Domenica 17 luglio nel comune di Tornimparte si rivive il rito centenario e si discute di promozione del territorio.
Luogo di carbonaie e carbonari. Tornimparte popoloso comune della provincia dell’Aquila riscopre l’antichissima tradizione della carbonaia con una riflessione allargata sulle tradizioni popolari come volano per la promozione del territorio. Sono due i momenti in programma domenica 17 luglio a Tornimparte, nell’ambito della giornata dedicata, come di consueto, alla mietitura. L’associazione Le Carbonaie, guidata da Vincenzo Gianforte, infatti, a partire dalle ore 16, presso “La Baita”, si industrierà nell’accensione “deju catozzu” per fare il carbone come si usava una volta. “Fare carbone – spiega Gianforte – era un’attività economica che, insieme alla pastorizia e all’agricoltura, ha permesso la sopravvivenza delle nostre popolazioni in terre aride e severe nell’elargire risorse. Si trattava di tagliare i boschi e trasformarli in carbone, con una tecnica tramandata fin dalla notte dei tempi. La ricerca storica e antropologica a Tornimparte ha permesso di scavare nel mondo dei carbonai fino a recuperare i tratti della cultura materiale di questi uomini duri, temprati e indispensabili all’economia locale”.

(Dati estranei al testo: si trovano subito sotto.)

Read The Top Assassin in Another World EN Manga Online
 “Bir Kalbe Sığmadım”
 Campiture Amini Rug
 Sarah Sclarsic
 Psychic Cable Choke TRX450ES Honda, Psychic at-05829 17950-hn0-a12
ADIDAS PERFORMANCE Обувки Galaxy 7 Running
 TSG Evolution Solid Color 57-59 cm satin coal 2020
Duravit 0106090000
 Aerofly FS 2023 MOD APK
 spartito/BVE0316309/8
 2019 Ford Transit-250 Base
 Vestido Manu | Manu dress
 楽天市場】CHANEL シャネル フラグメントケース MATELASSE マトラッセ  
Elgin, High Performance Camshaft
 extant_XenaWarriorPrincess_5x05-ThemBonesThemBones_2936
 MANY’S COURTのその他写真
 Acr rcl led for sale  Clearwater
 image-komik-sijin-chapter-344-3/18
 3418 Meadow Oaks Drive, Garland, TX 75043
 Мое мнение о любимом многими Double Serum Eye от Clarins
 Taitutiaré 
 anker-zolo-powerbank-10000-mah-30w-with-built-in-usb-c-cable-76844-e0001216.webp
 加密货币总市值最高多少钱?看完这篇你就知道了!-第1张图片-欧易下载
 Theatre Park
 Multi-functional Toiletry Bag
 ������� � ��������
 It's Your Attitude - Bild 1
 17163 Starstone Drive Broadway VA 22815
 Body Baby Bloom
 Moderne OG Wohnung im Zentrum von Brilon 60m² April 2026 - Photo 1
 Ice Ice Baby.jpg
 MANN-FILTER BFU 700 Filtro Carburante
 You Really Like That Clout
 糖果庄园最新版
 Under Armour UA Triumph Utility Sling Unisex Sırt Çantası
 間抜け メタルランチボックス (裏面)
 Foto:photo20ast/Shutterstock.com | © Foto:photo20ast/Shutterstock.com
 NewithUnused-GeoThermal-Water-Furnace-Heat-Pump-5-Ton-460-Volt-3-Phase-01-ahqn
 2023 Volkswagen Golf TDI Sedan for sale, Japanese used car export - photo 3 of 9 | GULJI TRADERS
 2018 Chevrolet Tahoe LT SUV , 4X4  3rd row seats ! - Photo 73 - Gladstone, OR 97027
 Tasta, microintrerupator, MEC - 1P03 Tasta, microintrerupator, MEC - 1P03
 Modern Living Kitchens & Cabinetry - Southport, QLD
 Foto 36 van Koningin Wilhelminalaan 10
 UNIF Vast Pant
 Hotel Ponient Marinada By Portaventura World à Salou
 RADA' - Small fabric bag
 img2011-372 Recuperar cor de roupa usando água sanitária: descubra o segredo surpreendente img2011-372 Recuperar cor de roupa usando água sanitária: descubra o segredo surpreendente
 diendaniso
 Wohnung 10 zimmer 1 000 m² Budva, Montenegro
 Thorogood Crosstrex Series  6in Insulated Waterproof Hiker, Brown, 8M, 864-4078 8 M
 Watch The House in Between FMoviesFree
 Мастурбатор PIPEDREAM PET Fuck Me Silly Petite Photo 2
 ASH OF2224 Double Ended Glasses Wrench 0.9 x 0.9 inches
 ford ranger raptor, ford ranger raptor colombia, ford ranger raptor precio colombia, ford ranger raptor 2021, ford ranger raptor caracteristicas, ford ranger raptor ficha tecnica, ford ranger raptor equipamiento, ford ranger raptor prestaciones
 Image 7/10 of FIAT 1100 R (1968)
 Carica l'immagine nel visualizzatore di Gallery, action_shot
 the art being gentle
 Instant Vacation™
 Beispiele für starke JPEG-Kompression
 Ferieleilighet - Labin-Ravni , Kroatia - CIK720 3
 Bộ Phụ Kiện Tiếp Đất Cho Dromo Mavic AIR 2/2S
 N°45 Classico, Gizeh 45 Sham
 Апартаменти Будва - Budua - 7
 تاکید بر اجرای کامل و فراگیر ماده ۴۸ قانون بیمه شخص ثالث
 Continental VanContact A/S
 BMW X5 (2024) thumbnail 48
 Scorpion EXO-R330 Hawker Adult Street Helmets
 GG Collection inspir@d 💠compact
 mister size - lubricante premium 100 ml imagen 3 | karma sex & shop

Dopo la riproposizione del rito, spazio anche alla riflessione con il convegno dal tema “Le tradizioni popolari, volano per la promozione del territorio”. All’incontro interverranno i sindaci del comprensorio, i presidenti delle associazioni locali e i rappresentanti delle istituzioni provinciali e regionali. I lavori saranno coordinati dalla giornalista Marianna Gianforte. Relatori saranno i giornalisti Giustino Parisse, Angelo De Nicola e Umberto Braccili. Ancora: Mario Santucci e il presidente dell’associazione organizzatrice, Gianforte. Al termine dell’incontro si terrà il concerto del Coro Alpino “Quelli della montagna” di Tornimparte, dal titolo: “Conto cento… canto Pace”, a celebrare i cento anni dalla Grande Guerra. Alle 20 sarà distribuita a tutti la polenta del carbonaio. In realtà – grazie all’impegno dell’associazione Rocca San Vito – la giornata sarà avviata al mattino già dalle 9 quando i popolani con abiti appropriati e muniti degli antichi attrezzi inizieranno la mietitura nei campi. Le donne utilizzeranno la falcetta (ju serricchjiu), gli uomini faranno gli “barzi” e legheranno i covoni (manoppi), i ragazzi raccoglieranno le spighe facendo le “mannatelle”, e distribuendo acqua per dissetarsi. Dalle 10.30 entrerà in funzione la “meterella”, che miete e lega nello stesso tempo. Alle 12 è prevista la colazione del mietitore, sotto una grande quercia, seduti a terra, con i prodotti e i cibi della tradizione contadina, brindando all’abbondanza del raccolto.